DATASET CONTENT:
※ ※ ※

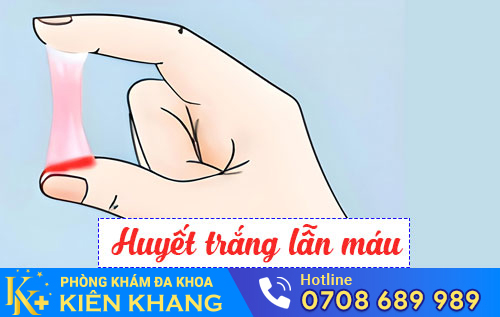 Huyết Trắng Lẫn Máu – Không Được Chủ Quan!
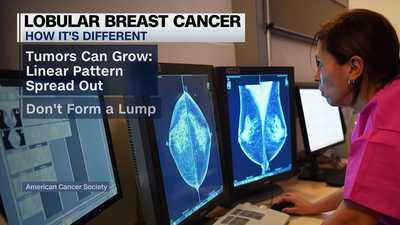 What to know about the lesser-known breast cancer type on the rise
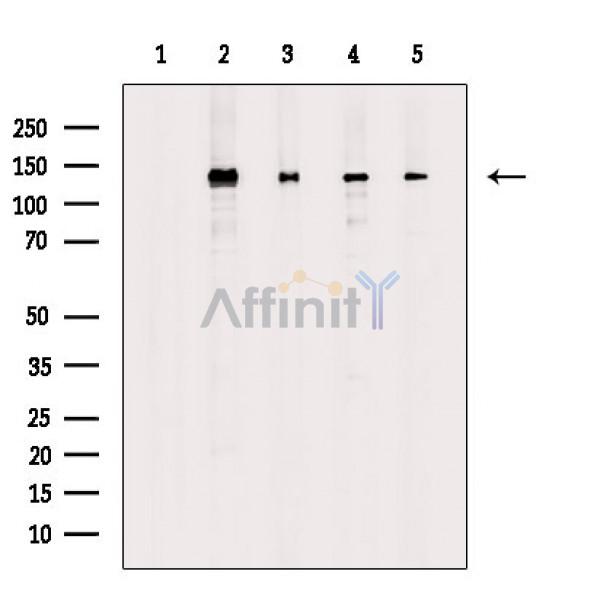 Валидация Affinity DF8061 - 19891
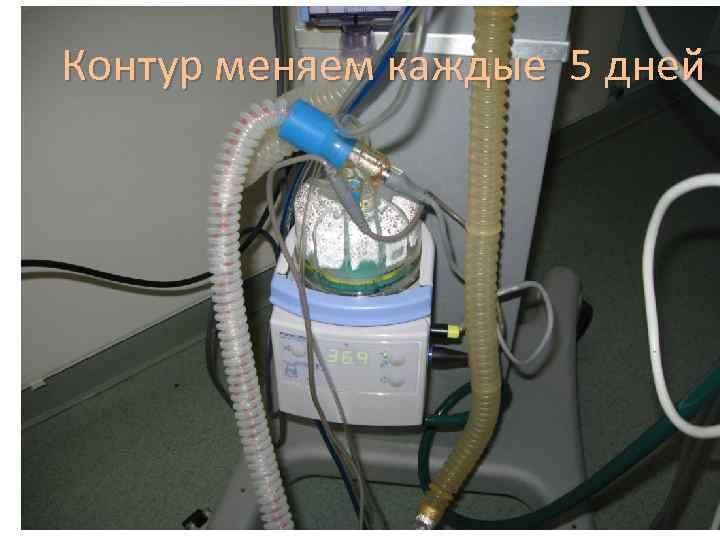 Контур меняем каждые 5 дней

※ ※ ※

WORK ORDER: The data above should be set down again exactly, with the pictures omitted.

COMPLETED EXERCISE:
 Huyết Trắng Lẫn Máu – Không Được Chủ Quan!
 What to know about the lesser-known breast cancer type on the rise
 Валидация Affinity DF8061 - 19891
 Контур меняем каждые 5 дней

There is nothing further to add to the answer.